El cielo no tiene nubes, la gente camina por la acera como si no tuviera nada mejor que hacer y yo permanezco, desde hace un rato, sentada ante mi ordenador -que ya bizquea del aburrimiento- intentando contarles algo que les alegre, que les entretenga, porque soy consciente de que para que nos aburran ya tenemos a otros. Sí, amigos, no miento. Tengo una amiga que cuando su nuera le deja a su precioso nieto un ratito, el tiempo justo para ponerse las mechas, depilarse las piernas y maquillarse a fondo porque ha tenido que renovar el DNI y salir en la foto de carnet con esos pelos no estaría bonito, no lo piensa dos veces: coge a su rubio y lo lleva a la Catedral, lo sienta en un banco, le da un rosario para que la imite y empieza a rezar en voz alta el Santo Rosario. A los diez minutos lo tiene dormidito y a ella le da tiempo de rezar y de terminar, por quinta vez, La casa de los espíritus de Isabel Allende, porque, según ella, cada vez que la empieza le parece una obra distinta. Y me preocupa porque si es que gusta mucho, no tengo nada que decir, pero si es que pierde algo de memoria me hace pensar «¡Con lo que era ella!».

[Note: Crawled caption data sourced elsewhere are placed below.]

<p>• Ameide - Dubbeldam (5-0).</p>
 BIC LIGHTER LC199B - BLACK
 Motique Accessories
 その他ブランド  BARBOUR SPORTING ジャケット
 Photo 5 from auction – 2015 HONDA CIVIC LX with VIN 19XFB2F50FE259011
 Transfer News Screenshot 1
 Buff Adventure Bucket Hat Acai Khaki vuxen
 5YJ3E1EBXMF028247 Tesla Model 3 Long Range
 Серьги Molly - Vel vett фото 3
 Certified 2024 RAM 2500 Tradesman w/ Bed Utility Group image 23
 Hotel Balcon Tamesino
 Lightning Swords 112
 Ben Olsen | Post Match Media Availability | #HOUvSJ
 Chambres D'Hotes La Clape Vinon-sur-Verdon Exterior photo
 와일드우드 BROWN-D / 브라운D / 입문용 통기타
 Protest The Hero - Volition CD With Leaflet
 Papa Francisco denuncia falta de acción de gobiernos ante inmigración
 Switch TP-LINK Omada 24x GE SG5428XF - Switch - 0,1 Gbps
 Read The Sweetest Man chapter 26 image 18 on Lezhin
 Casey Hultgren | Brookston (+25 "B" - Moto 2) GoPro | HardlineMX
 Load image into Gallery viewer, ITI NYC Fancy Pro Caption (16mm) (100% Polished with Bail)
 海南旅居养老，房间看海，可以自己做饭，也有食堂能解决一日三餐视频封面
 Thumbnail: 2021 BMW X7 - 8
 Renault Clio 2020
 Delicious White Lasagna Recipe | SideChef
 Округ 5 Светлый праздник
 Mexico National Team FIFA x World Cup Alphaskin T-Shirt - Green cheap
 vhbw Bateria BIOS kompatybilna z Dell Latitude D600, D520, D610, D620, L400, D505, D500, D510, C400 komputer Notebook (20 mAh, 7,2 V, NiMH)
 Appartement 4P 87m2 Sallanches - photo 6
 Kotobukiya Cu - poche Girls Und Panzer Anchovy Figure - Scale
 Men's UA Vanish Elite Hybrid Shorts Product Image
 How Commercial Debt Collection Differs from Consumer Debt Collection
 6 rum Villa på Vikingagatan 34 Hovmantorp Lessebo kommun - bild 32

El sábado pasamos la tarde en Olías. Hacía años que no visitábamos el pueblo por lo que os puedo asegurar que, en los últimos años, ha mejorado mucho. No fuimos a funerales, fuimos al bautizo de Juan Carlos, el hijo de Sandra y de Juan, dos guapos padres a los que conocemos desde que nacieron. Nos llamó la atención la cantidad de chalets de nueva construcción que hay en las laderas de camino. Algunos se asemejan a las viviendas de la película Mujercitas. Es bueno que los jóvenes, a pesar de la crisis, conserven las ganas y el gusto por el buen vivir. Dice mucho de sus gentes. Enhorabuena, amigos de Olías.